Your task:
Everything from the line containing "Kitchen or kitchenette" through the line containing "Modern kitchen features" in the listing below should be copied exactly, and nothing more.

Input material:

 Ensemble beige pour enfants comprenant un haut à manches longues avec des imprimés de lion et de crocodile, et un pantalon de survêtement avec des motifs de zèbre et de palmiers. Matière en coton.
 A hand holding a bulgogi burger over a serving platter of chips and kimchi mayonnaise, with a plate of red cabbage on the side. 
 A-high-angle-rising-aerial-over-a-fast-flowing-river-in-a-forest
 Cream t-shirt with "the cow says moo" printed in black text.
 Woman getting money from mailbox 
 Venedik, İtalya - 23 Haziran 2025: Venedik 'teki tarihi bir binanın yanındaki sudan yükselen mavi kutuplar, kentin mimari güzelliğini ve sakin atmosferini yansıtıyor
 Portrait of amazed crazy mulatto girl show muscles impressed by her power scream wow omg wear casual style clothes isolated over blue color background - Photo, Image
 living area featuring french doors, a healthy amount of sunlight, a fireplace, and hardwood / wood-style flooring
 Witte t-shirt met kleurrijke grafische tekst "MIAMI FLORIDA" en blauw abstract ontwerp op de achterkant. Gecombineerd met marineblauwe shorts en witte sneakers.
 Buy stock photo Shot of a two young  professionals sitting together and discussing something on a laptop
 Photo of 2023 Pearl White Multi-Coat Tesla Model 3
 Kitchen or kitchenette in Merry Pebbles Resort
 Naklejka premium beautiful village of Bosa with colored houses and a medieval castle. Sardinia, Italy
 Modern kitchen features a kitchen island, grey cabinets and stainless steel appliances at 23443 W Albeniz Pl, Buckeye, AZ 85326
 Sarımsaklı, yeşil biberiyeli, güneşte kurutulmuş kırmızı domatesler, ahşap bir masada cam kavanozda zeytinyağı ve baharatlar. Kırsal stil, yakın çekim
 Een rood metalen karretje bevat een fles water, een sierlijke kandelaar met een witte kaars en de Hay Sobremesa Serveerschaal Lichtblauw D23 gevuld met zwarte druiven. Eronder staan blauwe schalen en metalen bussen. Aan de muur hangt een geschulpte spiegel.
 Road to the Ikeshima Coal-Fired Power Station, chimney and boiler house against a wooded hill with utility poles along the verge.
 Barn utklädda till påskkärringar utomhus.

Response to the task:
 Kitchen or kitchenette in Merry Pebbles Resort
 Naklejka premium beautiful village of Bosa with colored houses and a medieval castle. Sardinia, Italy
 Modern kitchen features a kitchen island, grey cabinets and stainless steel appliances at 23443 W Albeniz Pl, Buckeye, AZ 85326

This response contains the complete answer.